I'm currently working on a Rest API using asp.net Web Api (5.0.0-rc1). By now we don't use any DI container, so it's Poor Man's DI. But the plan is to use one or another soon.

In order to resolve our dependencies we use our own implementation of IHttpControllerActivator similar to how it is described in Mark Seemann's blog .

The problem

All our controllers use services in order to perform their actions. We're also trying to reuse controllers for different roles. Fe a controller that lists all users has the HttpGet attribute

[HttpGet("api/role/{role}/users")]

So depending on the role in the uri (could be fe admin or department ) we want to resolve the controller's dependencies differently. This could mean, that we want to wrap a service with a decorator or we need to inject a some kind of strategy`into the service depending on the role.
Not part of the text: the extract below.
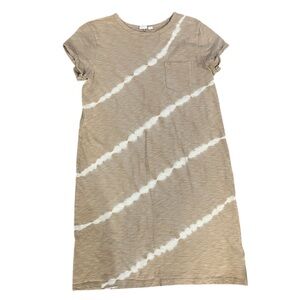Gap Tan and White Tie-Dye T-Shirt Dress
Note: The conditional resolving of a dependency could be deep down in the dependency graph.

The question

Since I'm quite new to dependency injection I'm really unsure what's the standard way to resolve conditional dependencies. Is dependency injection meant to be conditional on a per request base or is the dependency graph rather fixed and we should use factories in this case? Fe a controller gets ISomeServiceFactory instead of a ISomeService and the factory itself gets the role injected.

I also took a look at Castle Windsor's Typed Factory Facility , but I'm not sure if that would solve our problem.

There are various ways you translate a run-time value to one among several available dependencies (and entire sub-graphs). Instead of relying on factories, I rather prefer selecting among available dependencies.

So far, I've identified at least three different ways of doing this:

Of these, I personally prefer Partial Type Name , because it's the most loosely coupled.

All these selection strategies rely on all of the strategy instances being available before selection. Often, that's not a problem, because if they're thread-safe, a single instance of each can be reused across all HTTP requests.

However, even if one or more of the services aren't thread-safe, there are ways to deal with potential performance issues - most notably using the Virtual Proxy pattern.